Are Uro And Omnath Modern’s New Destructive Duo?

Uro, Titan of Nature’s Wrath and Omnath, Locus of Creation are a deadly Modern duo, but other options abound. Seven SCG creators say what they’d play.

Uro, Titan of Nature's Wrath, illustrated by Vincent Proce
Uro, Titan of Nature’s Wrath, illustrated by Vincent Proce

Welcome to What We’d Play! With the recent introduction of Zendikar Rising, many are unsure what they’d play in Modern. That’s where we come in and let you know what we’d play and why we’d play it. Hopefully this advice aids in your decision making for your next Modern event!

Ross Merriam — Selesnya Company

I’ve been on a Death and Taxes kick recently in Modern, but I think that deck’s time in the sun has come to an end. You can definitely still win with the deck if you’re well-practiced, so if you really want to play it go ahead, but the metagame has reacted to it and Death and Taxes isn’t flexible enough to react back and maintain its same position.

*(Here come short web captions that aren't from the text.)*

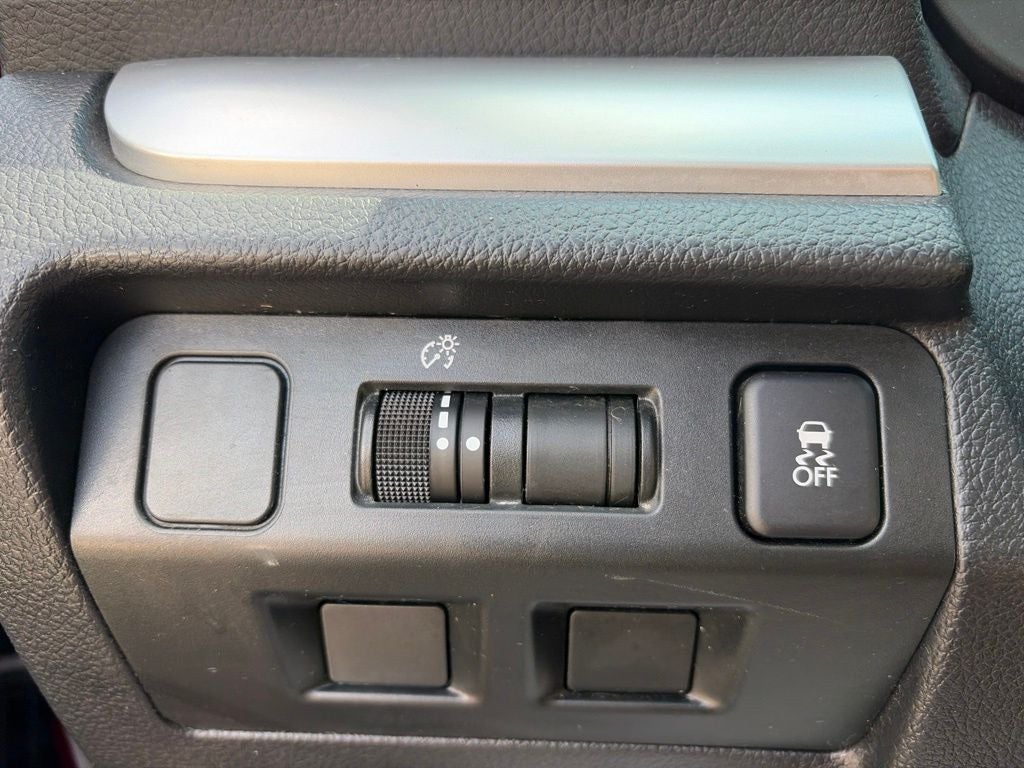 2016 Subaru Crosstrek 2.0i Premium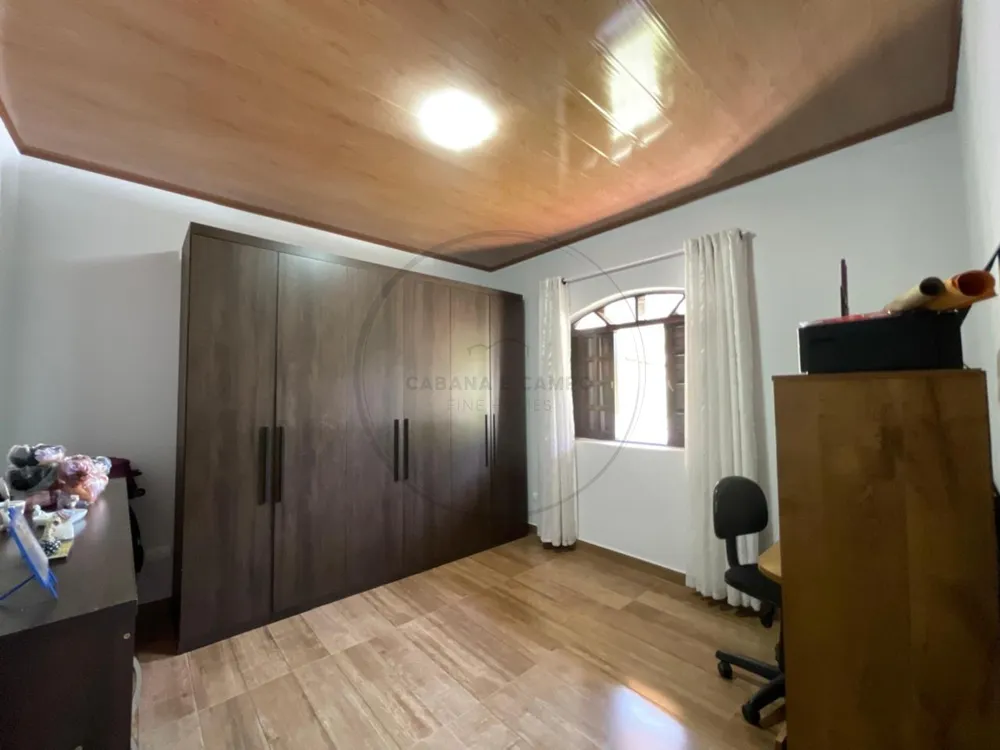 Sítio, 7 quartos, 1 hectares - Foto 16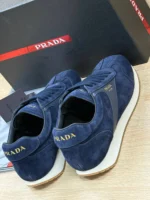 Кроссовки PRADA — изображение 6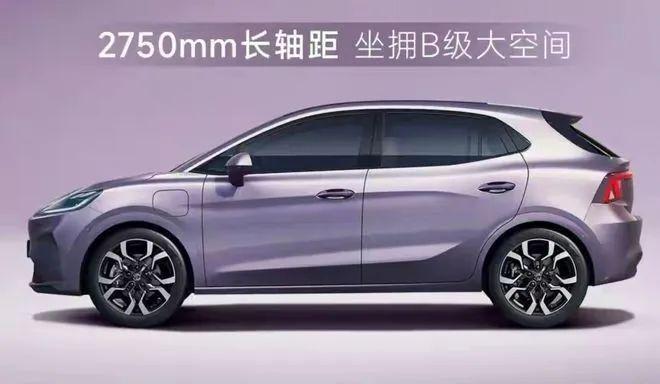 一炮而红！预售价7.38万，订单已突破20000台，实力剑指比亚迪海豚__一炮而红！预售价7.38万，订单已突破20000台，实力剑指比亚迪海豚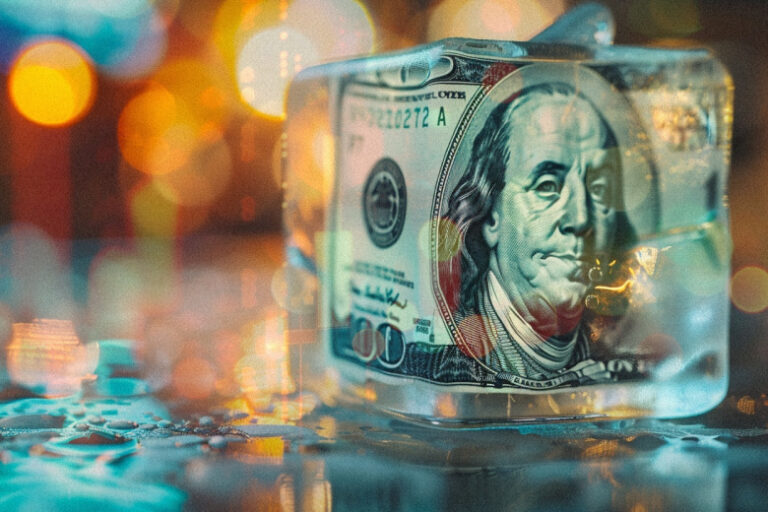 Tramp Mozhet Pribrat K Rukam Polovinu Rossijskih Aktivov A2483ac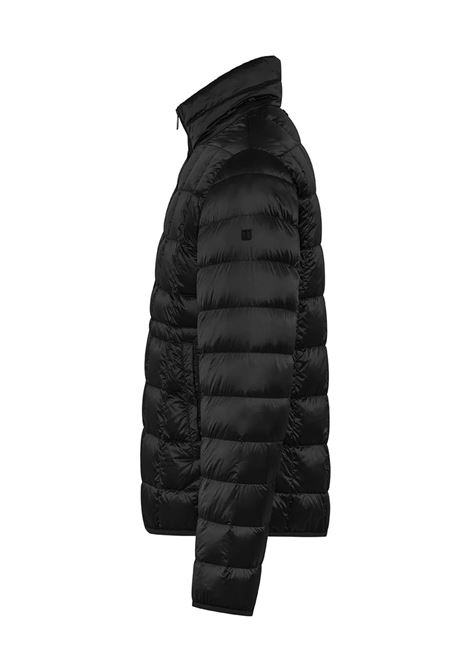 Cappotto 3in1 Blake Mio in Lana Tecnica 3-Layer con Piumino Staccabile by DUNO DUNO | Cappotti | BLAKE MIO888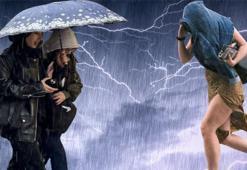 Bayramda hava nasıl olacak? Kurban Bayramı için Meteoroloji'den  gök gürültülü sağanak yağış uyarısı geldi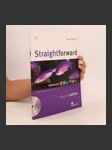 Straightforward: Advanced: Workbook with Answer Key - náhled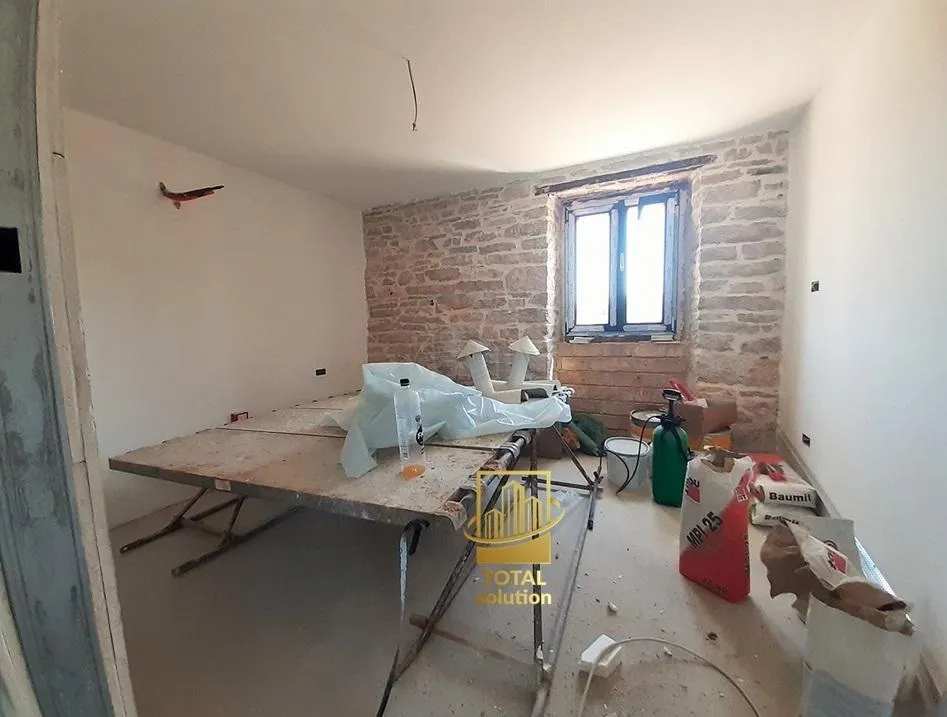istra, barban, obnovljena stancija 180 m2 sa bazenom, okućnica 2000 m2 - slika 22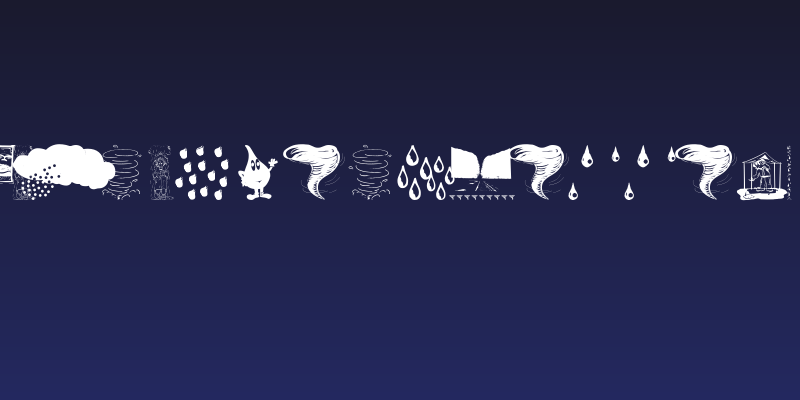 RainmansWeatherreport Social Header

Instead I’m moving onto Selesnya Company, a deck that I think has been underrated recently. There are a ton of decks, like Rakdos Death’s Shadow or Humans, that can’t beat infinite life right now, and the addition of Conclave Mentor makes the Heliod, Sun-Crowned combo with Walking Ballista much easier to pull off. Even though you often need a lot of different pieces, Collected Company, Eladamri’s Call, and Ranger-Captain of Eos you have plenty of ways to access those pieces quickly.

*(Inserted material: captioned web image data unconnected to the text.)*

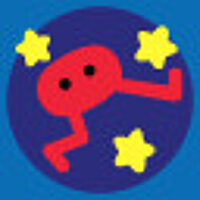 Достижение Dancing machine в игре Pikuniku для Steam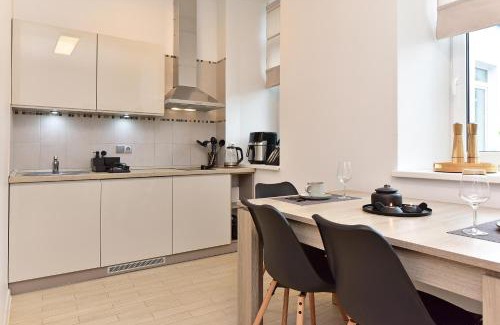 Druskininkai Apartamento | Apartamentai DU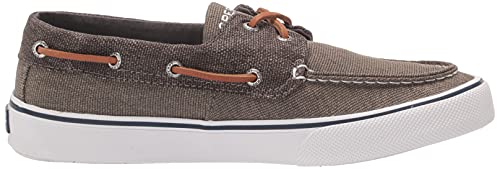 Image of Sperry Top-Sider Men's A /O Boat Shoe Amaretto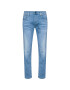 G-Star Raw Jeansy 3301 51001-8968-8436 Modrá Slim Fit - Pepit.cz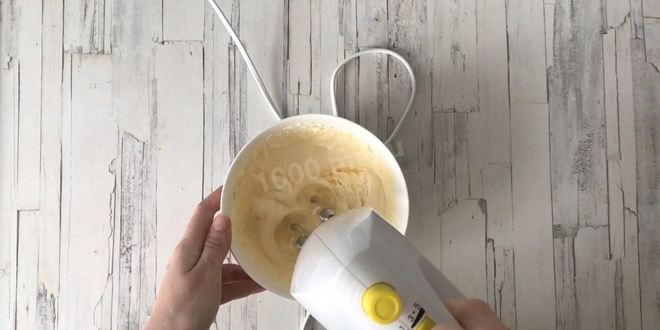 Рецепт тирамису с манго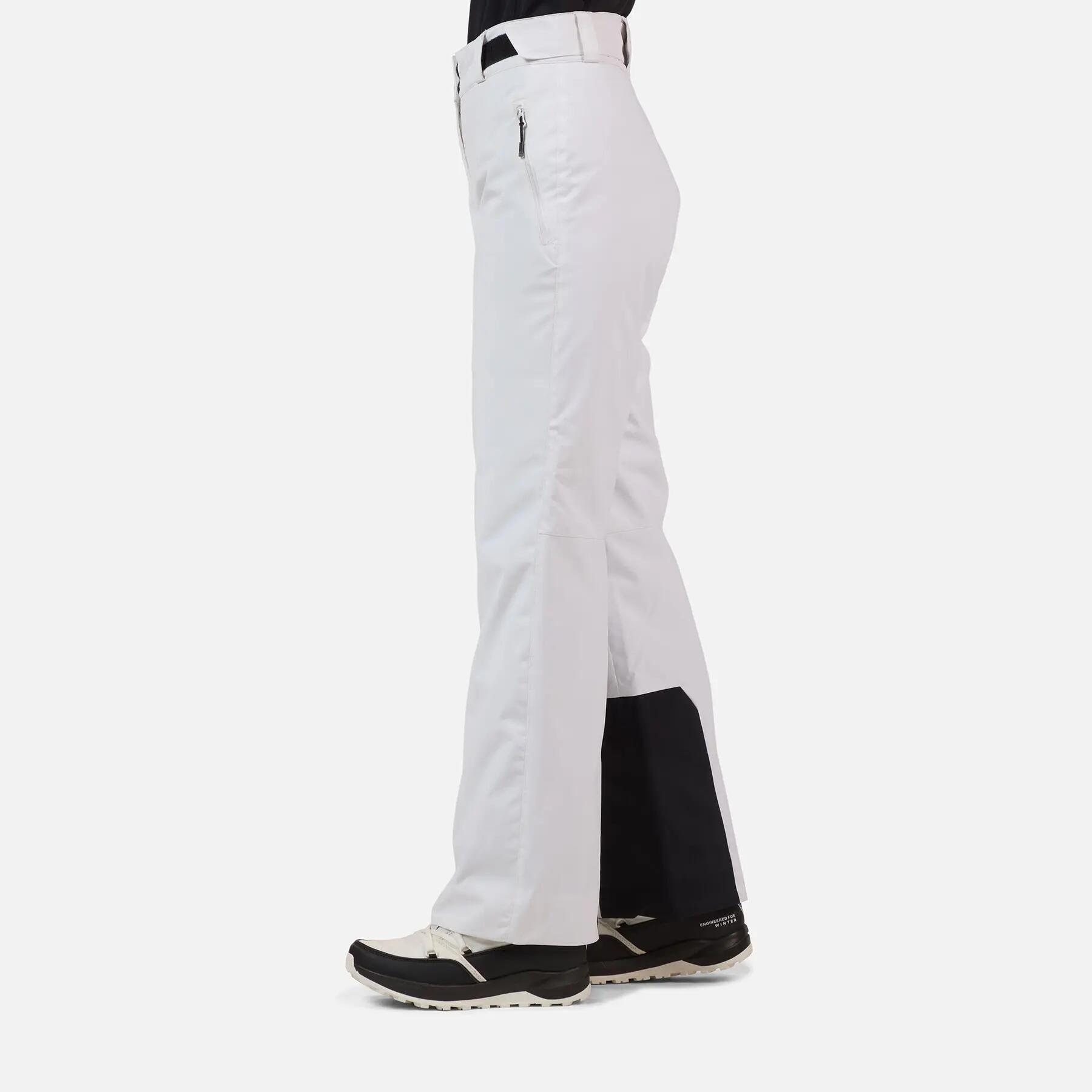 Dames skibroek Rossignol Strawpile 29 3/7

The other issue with the Heliod-Ballista combo was one of mana efficiency, and that problem is mitigated by the addition of Arbor Elf and Utopia Sprawl instead of more traditional mana creatures like Noble Hierarch and Birds of Paradise, not just because the combination of the two produces four mana instead of three, but also because Sprawl lives a lot more often in the face of Lava Dart, Fatal Push, etc.

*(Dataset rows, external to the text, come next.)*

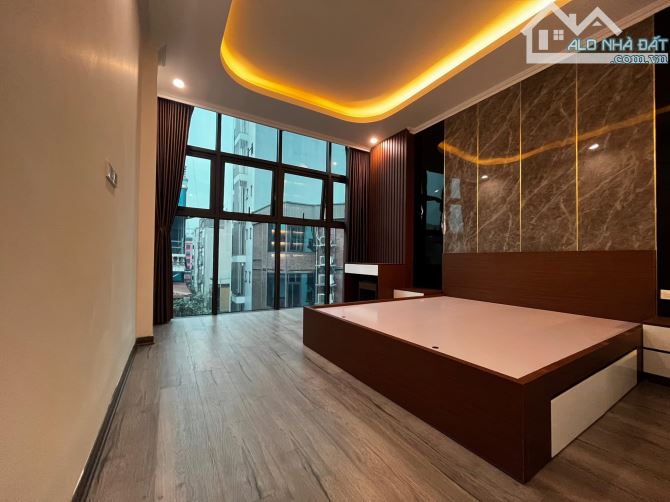 BÁN NHÀ 10m RA PHỐ Ô TÔ TRÁNH KINH DOANH 16 TỶ 7 TẦNG 55m MT 4m NGUYỄN KHANG CẦU GIẤY - 2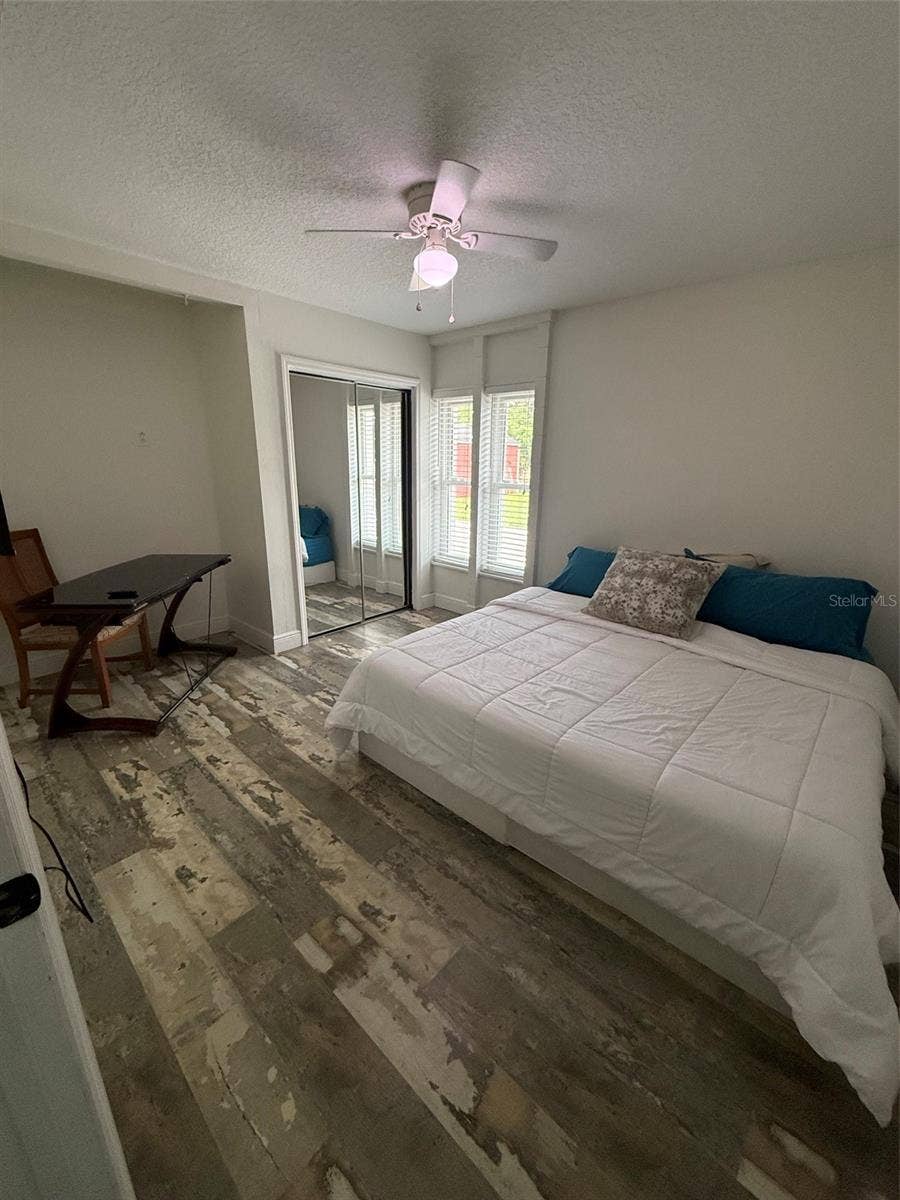 2207 POINSETTIA LANE, Deland, FL 32724 bedroom 2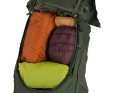 Plecak trekkingowy OSPREY Kestrel 58 Black L/XL - 1954491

This deck is powerful, proactive, resilient, and best of all doesn’t have a huge target on its back. Many players assume their normal suite of removal will serve them well against creature combo, but you can navigate around unprepared opponents with relative ease. Just be sure to get your APM up so you don’t run afoul of the MTGO clock.

Shaheen Soorani — Four-Color Control

Modern is in a great place right now for those who are fans of powerful interactions.  I do not mean interactions between a player and their opponent, which are limited at best, but the interactions between the strong cards of the format.  Omnath, Locus of Creation and Uro, Titan of Nature’s Wrath form an unbreakable bond that dominates the midrange, control, and ramp decks of the format.

It would be a tough sell to play anything that does not include this pair, outside of the combo and aggro decks running around the format.  They work too well together, producing card advantage, ramp, and lifegain, on top of being fast clocks.  Tap-out control utilizes these creatures the best, having the ability to produce a planeswalker off the mana advantage with some to spare.  That spare mana is the resource for control’s disruption, which is vital in this new powerful age of Modern. 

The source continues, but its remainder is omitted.